**PROVIDED DATA:**
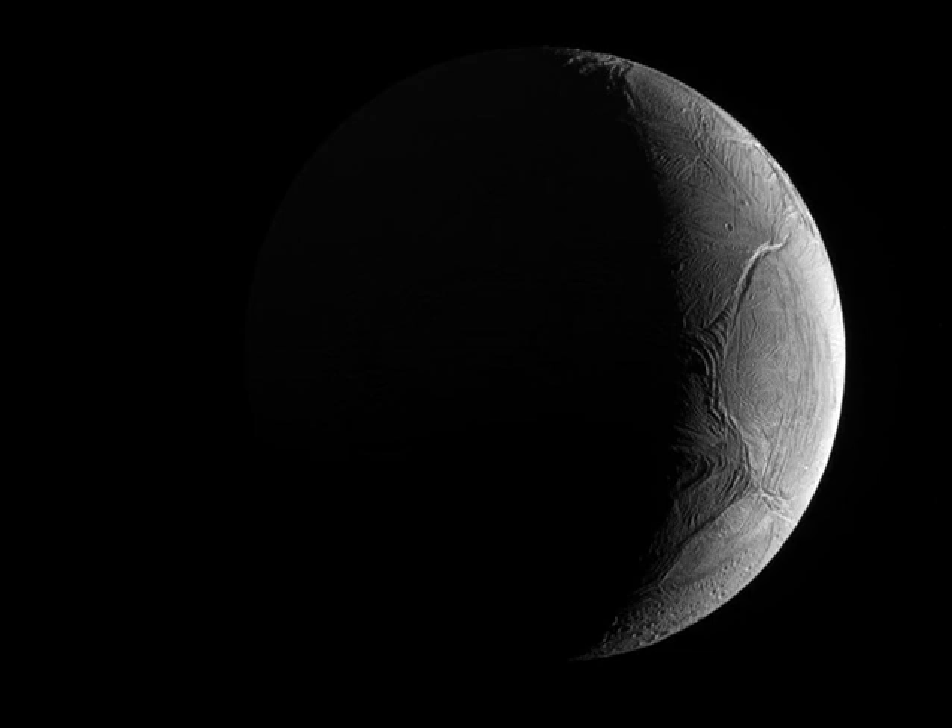About 130,000 km from the moon's bright crescent, the distant world reflects over 90% of the sunlight it receives, giving its surface about the same reflectivity as fresh snow.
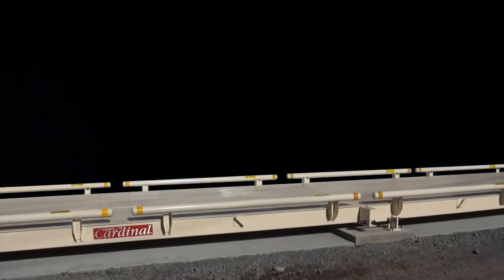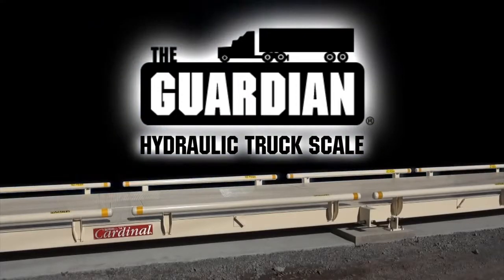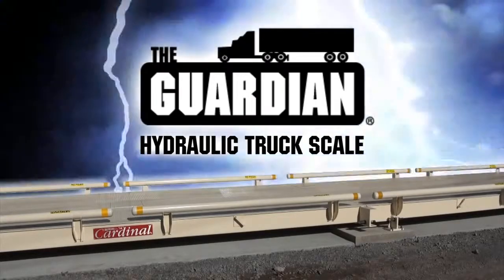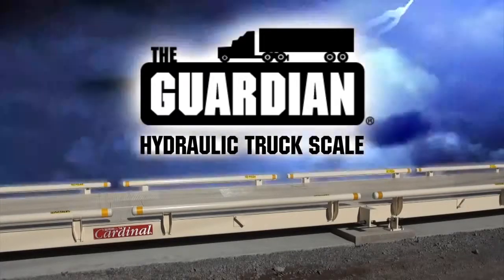Cardinal Scale Manufacturing's Guardian Hydraulic Truck Scale has revolutionized the weighing industry. Since its inception in 2006, the Guardian has introduced a new standard of vehicle weighing excellence.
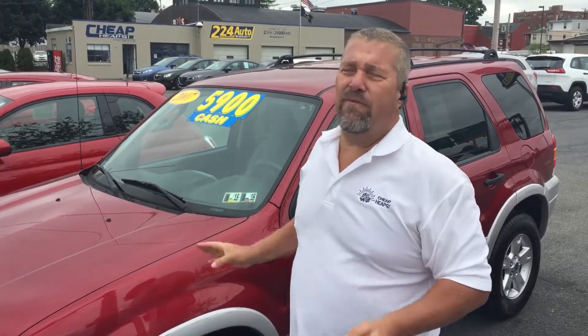It does not qualify. However, there may be some other finance options on this. Check it out folks — for $5,900, a four wheel drive vehicle with a transmission just put in. That's a selling point. You don't have to worry about this thing having a problem as soon as you pick it up.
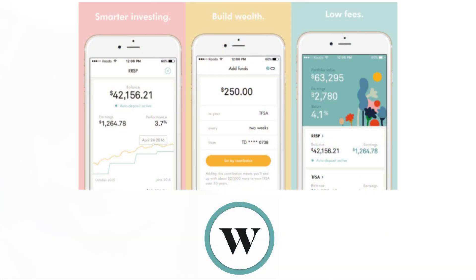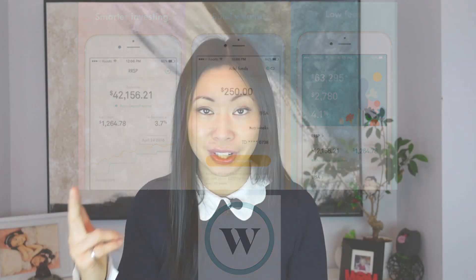You can open an RRSP account, a TFSA account, or a cash account. And what I love about it is how easy it is to connect it to your bank account. You log in, you don't need to fill in tons of paperwork — it's all online. Super easy to use: link it to your bank account, wait a few days, fund your account, and then go buy your stocks. It's that simple.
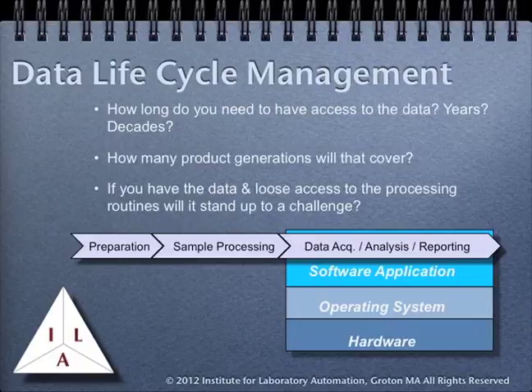Another consideration is how long you need to have access to the data that these applications hold. In many cases, it may be decades. How many product generations will that cover? During the course of these product generations, data file formats may change, algorithms may change, and your ability to work with older data may be compromised. If you have the data but lose access to the processing routines that generated it, will the data still stand up to a challenge? This is one of the reasons why virtualization is important — you can capture multiple generations of software, each with its own datasets, and have continued access as product generations change.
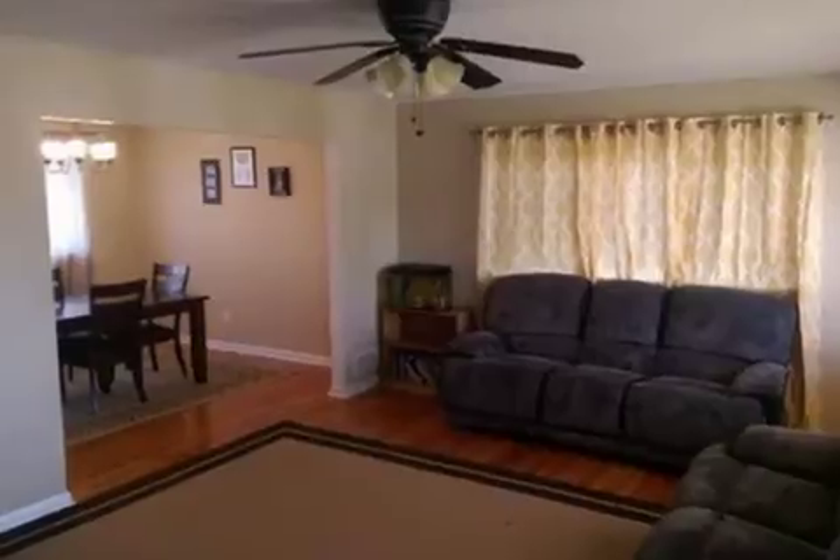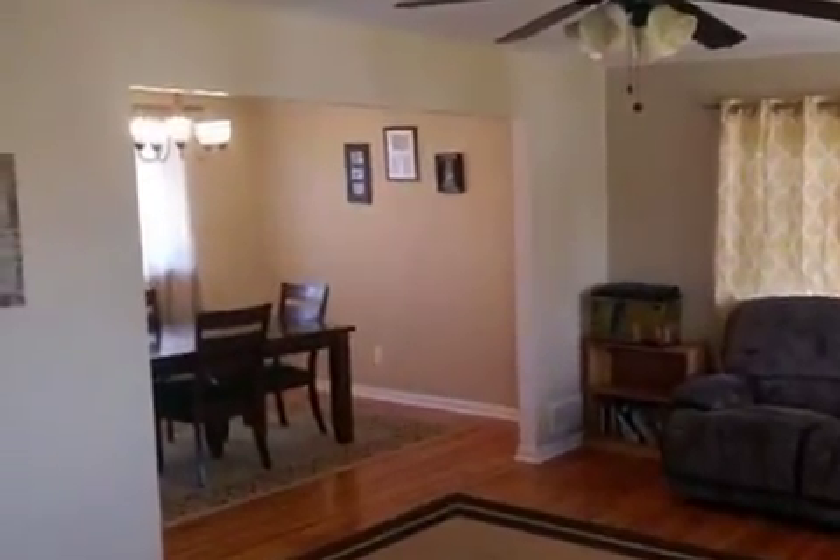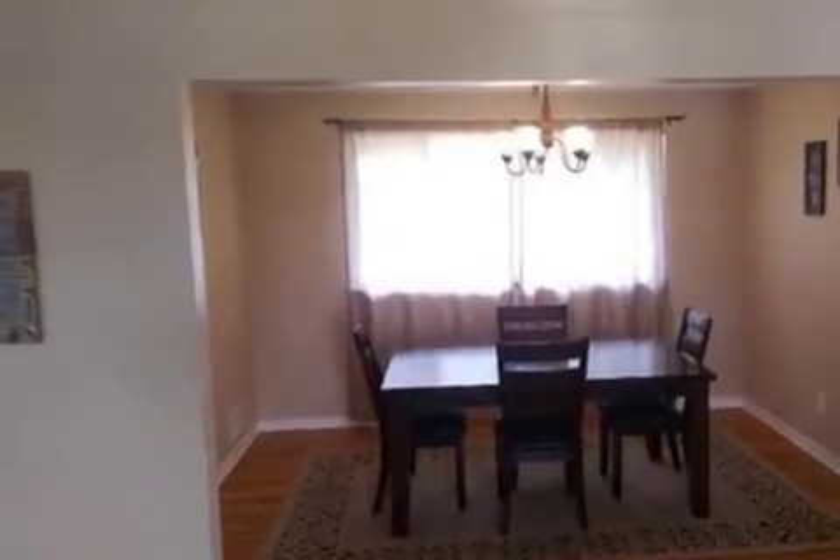Interior features of this property include carpeted flooring, a fireplace, a formal dining room, central air conditioning, a finished basement, natural gas heat, and skylight.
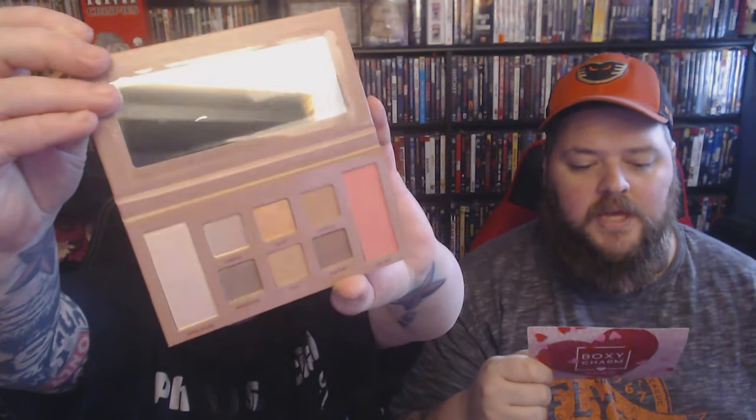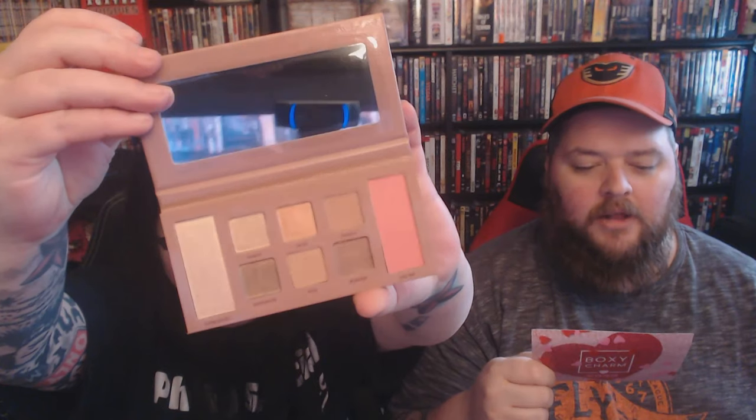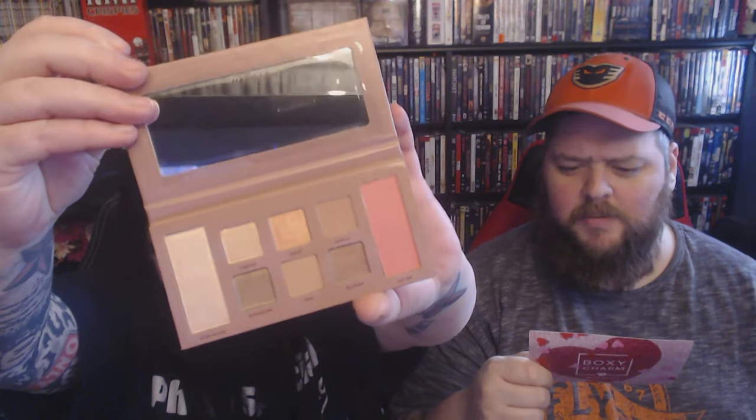Is it a palette? It's a tiny little palette — that's making me very angry. This is the Wander Beauty Getaway Eye and Face Palette. Your go-to palette for the perfect getaway featuring six highly pigmented shadows, a blush and a highlighter, enriched with a blend of hyaluronic acid and mango seed butter to help hydrate skin while reducing the appearance of fine lines and wrinkles. Mango seed butter!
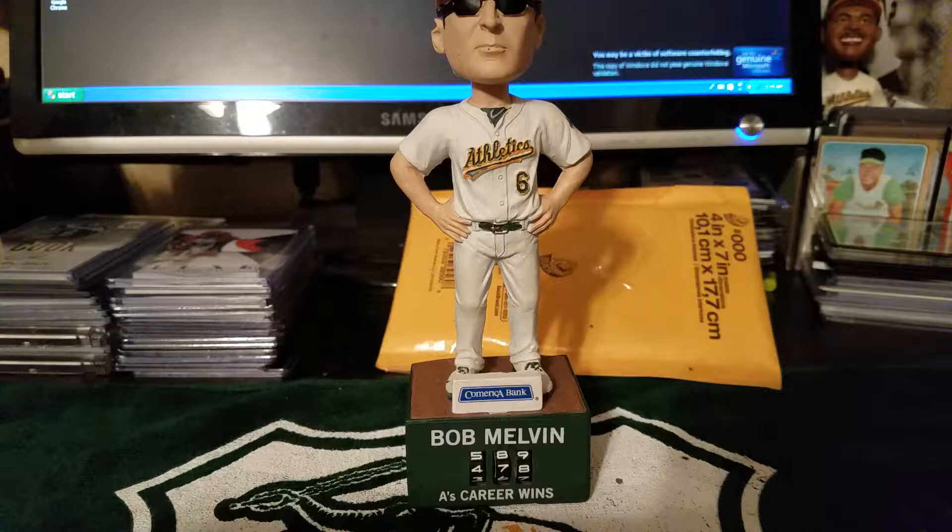What up YouTube, boy Smitty coming back with some new pickups.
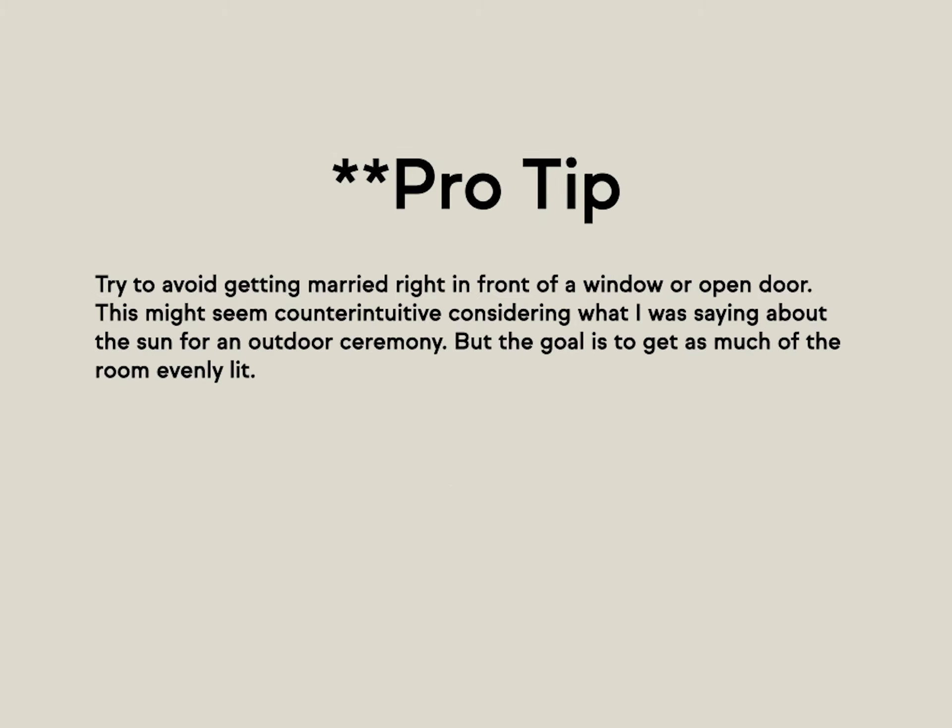Pro tip: try to avoid getting married right in front of a window or an open door. This might seem counterintuitive given what I said about outdoor ceremony lighting, but the goal indoors is to get the room evenly lit. If the biggest source of light is coming from behind you, you're going to end up with a lot of silhouette-looking photos, which is really tough for a photographer.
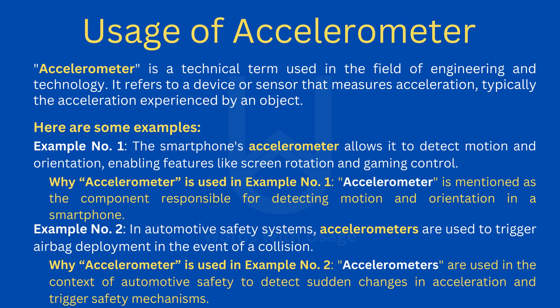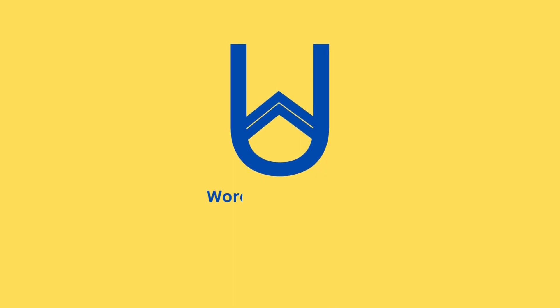Example number two: in automotive safety systems, accelerometers are used to trigger airbag deployment in the event of a collision. Accelerometers are used in the context of automotive safety to detect sudden changes in acceleration and trigger safety mechanisms.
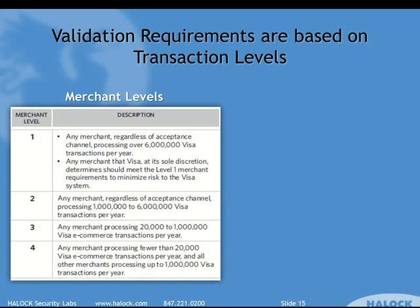Levels are an important concept that many of you have probably already heard about. There are two categories of levels for PCI classification: merchants and service providers. For merchants, there are four levels, with level one being the biggest and level four being the smallest. Some people find that counterintuitive, but one is the biggest in this case.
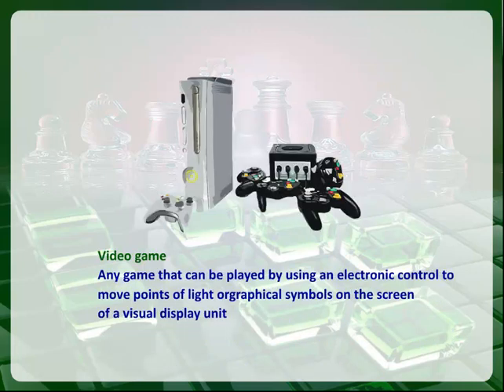Video game. Any game that can be played by using an electronic control to move points of light or graphical symbols on the screen of a visual display unit.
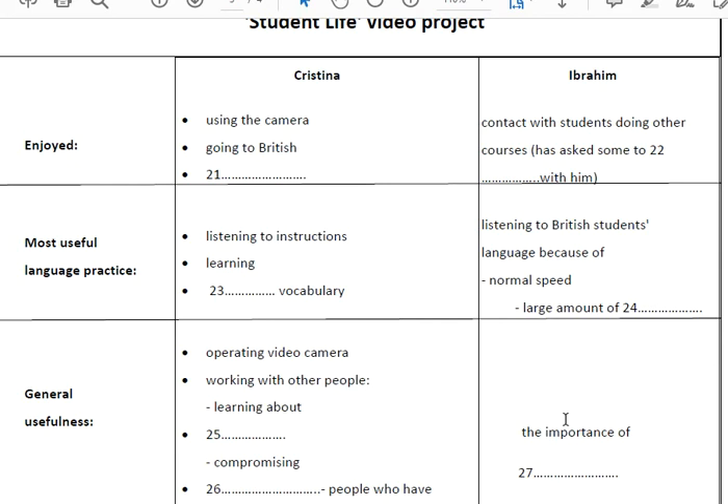I liked using the camera. Is it the first time you've operated one like that? Yes, it is. Well, the results were very good. I also enjoyed visiting one of the British students we filmed. I'd never been inside a British home before. What about you, Ibrahim? What did you enjoy? Well, for me, it was a very good chance to get to know students who are on other courses, because everyone in our group is studying English, and we don't usually have much to do with the rest of the college. Do you think you'll maintain the contact now? I've invited three of them to have dinner with me next week. Great — if you haven't decided what to make yet, they'll love trying Arab dishes. And of course, it's good for your English too.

**PROBLEM:** Would you repeat the material exactly, keeping out any pictures?

**SOLUTION TO THIS TASK:**
About 130,000 km from the moon's bright crescent, the distant world reflects over 90% of the sunlight it receives, giving its surface about the same reflectivity as fresh snow.
Cardinal Scale Manufacturing's Guardian Hydraulic Truck Scale has revolutionized the weighing industry. Since its inception in 2006, the Guardian has introduced a new standard of vehicle weighing excellence.
It does not qualify. However, there may be some other finance options on this. Check it out folks — for $5,900, a four wheel drive vehicle with a transmission just put in. That's a selling point. You don't have to worry about this thing having a problem as soon as you pick it up.
You can open an RRSP account, a TFSA account, or a cash account. And what I love about it is how easy it is to connect it to your bank account. You log in, you don't need to fill in tons of paperwork — it's all online. Super easy to use: link it to your bank account, wait a few days, fund your account, and then go buy your stocks. It's that simple.
Another consideration is how long you need to have access to the data that these applications hold. In many cases, it may be decades. How many product generations will that cover? During the course of these product generations, data file formats may change, algorithms may change, and your ability to work with older data may be compromised. If you have the data but lose access to the processing routines that generated it, will the data still stand up to a challenge? This is one of the reasons why virtualization is important — you can capture multiple generations of software, each with its own datasets, and have continued access as product generations change.
Interior features of this property include carpeted flooring, a fireplace, a formal dining room, central air conditioning, a finished basement, natural gas heat, and skylight.
Is it a palette? It's a tiny little palette — that's making me very angry. This is the Wander Beauty Getaway Eye and Face Palette. Your go-to palette for the perfect getaway featuring six highly pigmented shadows, a blush and a highlighter, enriched with a blend of hyaluronic acid and mango seed butter to help hydrate skin while reducing the appearance of fine lines and wrinkles. Mango seed butter!
What up YouTube, boy Smitty coming back with some new pickups.
Pro tip: try to avoid getting married right in front of a window or an open door. This might seem counterintuitive given what I said about outdoor ceremony lighting, but the goal indoors is to get the room evenly lit. If the biggest source of light is coming from behind you, you're going to end up with a lot of silhouette-looking photos, which is really tough for a photographer.
Example number two: in automotive safety systems, accelerometers are used to trigger airbag deployment in the event of a collision. Accelerometers are used in the context of automotive safety to detect sudden changes in acceleration and trigger safety mechanisms.
Levels are an important concept that many of you have probably already heard about. There are two categories of levels for PCI classification: merchants and service providers. For merchants, there are four levels, with level one being the biggest and level four being the smallest. Some people find that counterintuitive, but one is the biggest in this case.
Video game. Any game that can be played by using an electronic control to move points of light or graphical symbols on the screen of a visual display unit.
I liked using the camera. Is it the first time you've operated one like that? Yes, it is. Well, the results were very good. I also enjoyed visiting one of the British students we filmed. I'd never been inside a British home before. What about you, Ibrahim? What did you enjoy? Well, for me, it was a very good chance to get to know students who are on other courses, because everyone in our group is studying English, and we don't usually have much to do with the rest of the college. Do you think you'll maintain the contact now? I've invited three of them to have dinner with me next week. Great — if you haven't decided what to make yet, they'll love trying Arab dishes. And of course, it's good for your English too.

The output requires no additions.